Kumar Dhiren, Raju Nihar, Prajapati Bhupinder, Moinuddin Irfan, Tripathi Shreyank, Grinnan Daniel, Thomas Deepak, Gupta Gaurav
Virginia Commonwealth University, Internal Medicine, Richmond, VA.
Richmond Nephrology Associates, Nephrology, Richmond, VA.
Transplant Direct. 2024 May 16;10(6):e1640. doi: 10.1097/TXD.0000000000001640. eCollection 2024 Jun.
Severe pulmonary hypertension (PH) is associated with high mortality posttransplant and thus is considered a contraindication to kidney transplantation. In this study, we describe the pretransplant management and posttransplant outcomes in patients with severe PH using a multidisciplinary approach.
Between 11 of 2013 and 8 of 2022, we identified all patients with severe PH on initial pretransplant workup who underwent ultrafiltration (UF) or medical therapy for PH before transplant. Posttransplant we evaluated the perioperative course, renal function, graft, and patient survival. We compared survival to those who remained waitlisted or were delisted.
Three-two patients (mean age = 55.03 ± 10.22 y) diagnosed with severe PH on pretransplant screening echocardiogram. Thirty patients (94%) were subjected to a median of 4 (range, 3-8) UF sessions with an average weight loss of 4.33 ± 2.6 kg. Repeat assessment of PH revealed a decline in mean pulmonary artery systolic pressure from 67 ± 12 mm Hg to 43 ± 13 mm Hg ( < 0.0001). Seventeen patients (53%) received a kidney transplant. The mean estimated Glomerular Filtration Rate at 3, 6, 9, and 12 mo was 72 ± 27, 72 ± 28, 75 ± 29, and 75 ± 29 mL/min/1.73 m. Among, those who underwent transplantation both graft and patient survival was 100% at 1-y posttransplant. Overall, since the UF intervention, at a median follow-up of 88 ± 12 mo those transplanted had a patient survival of 88% while those who remained on dialysis had a survival of 53% ( = 0.0003).

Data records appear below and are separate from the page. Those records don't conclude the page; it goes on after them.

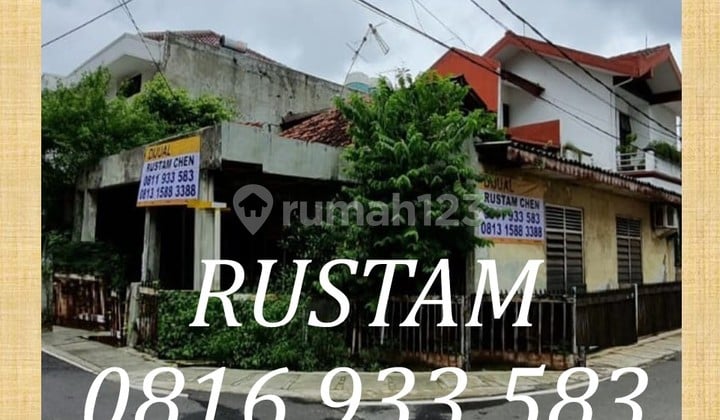 Dijual Rumah Tua di Ampasit Cideng Lokasi Hoek Bersertifikat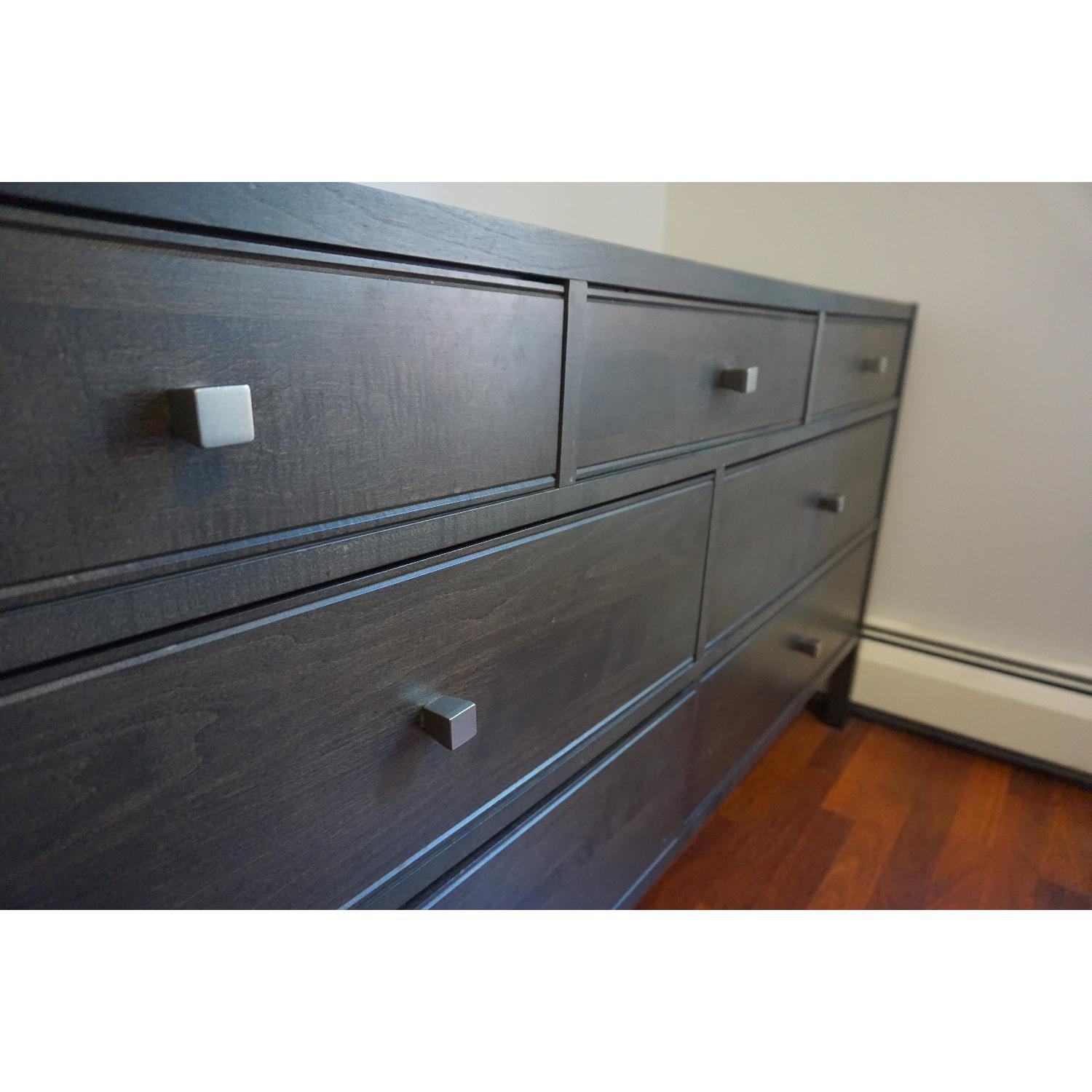 Crate & Barrel Grey Wood 7 Drawer Dresser - image-5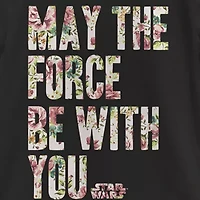 Little & Big Kid Girls Crew Neck Short Sleeve Regular Fit Star Wars Graphic T-Shirt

In this single-center study, we report postcapillary PH can be a significant contributor to elevations in pulmonary artery systolic pressure. Using a multidisciplinary approach, PH can improve with volume removal and phosphodiesterase 5 inhibitors therapy leading to a successful posttransplant outcome.

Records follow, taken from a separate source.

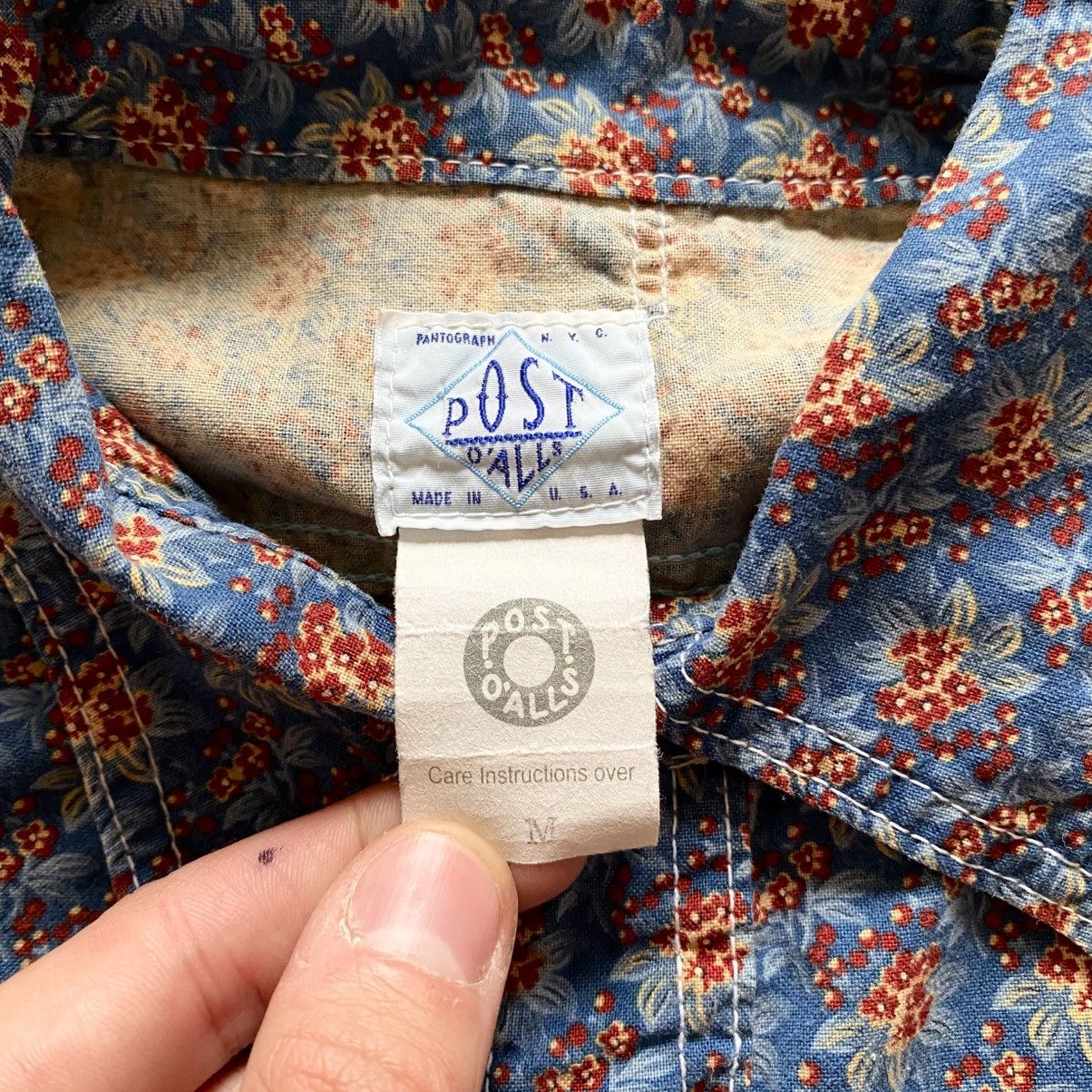 Post Overalls Post Overalls Flowers Print Pocket Cotton Button Shirt USA Size US M / EU 48-50 / 2 - 7 Thumbnail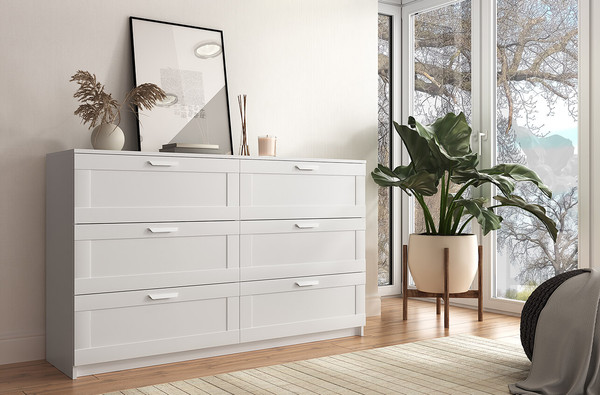 Изображение товара Комод Anrex Skagen 6S (белый)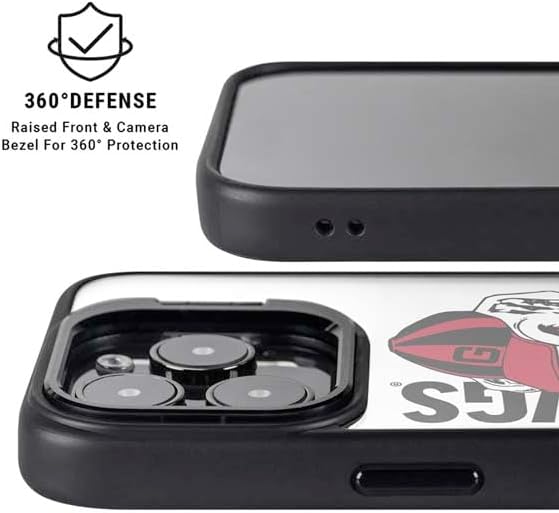Skinit Kickstand Phone Case Compatible with iPhone 14 Pro Max - Officially Licensed University of Georgia Dawgs Design
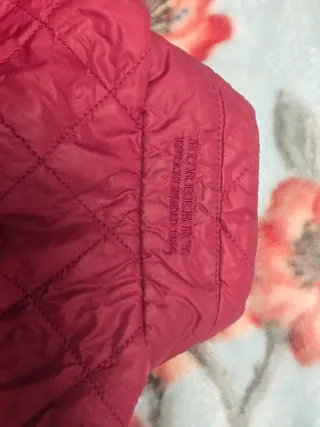 Chaqueta Burberry Roja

重度肺动脉高压(PH)与移植后高死亡率相关,因此被视为肾移植的禁忌证。在本研究中,我们描述了采用多学科方法对重度PH患者进行移植前管理及移植后结局。
在2013年11月至2022年8月期间,我们确定了所有在移植前初始检查时被诊断为重度PH且在移植前接受过超滤(UF)或PH药物治疗的患者。移植后,我们评估了围手术期过程、肾功能、移植物和患者生存率。我们将生存率与那些仍在等待名单上或被除名的患者进行了比较。
32例患者(平均年龄=55.03±10.22岁)在移植前筛查超声心动图时被诊断为重度PH。30例患者(94%)接受了中位数为4次(范围3 - 8次)的UF治疗,平均体重减轻4.33±2.6 kg。对PH的重复评估显示,平均肺动脉收缩压从67±12 mmHg降至43±13 mmHg(P<0.0001)。17例患者(53%)接受了肾移植。移植后3、6、9和12个月时的平均估计肾小球滤过率分别为72±27、72±28、75±29和75±29 mL/min/1.73 m²。其中,接受移植的患者在移植后1年时移植物和患者生存率均为100%。总体而言,自UF干预以来,在中位随访88±12个月时,移植患者的生存率为88%,而仍接受透析的患者生存率为53%(P=0.0003)。
在这项单中心研究中,我们报告毛细血管后PH可能是肺动脉收缩压升高的重要原因。采用多学科方法,通过容量清除和磷酸二酯酶5抑制剂治疗,PH可得到改善,从而实现成功的移植后结局。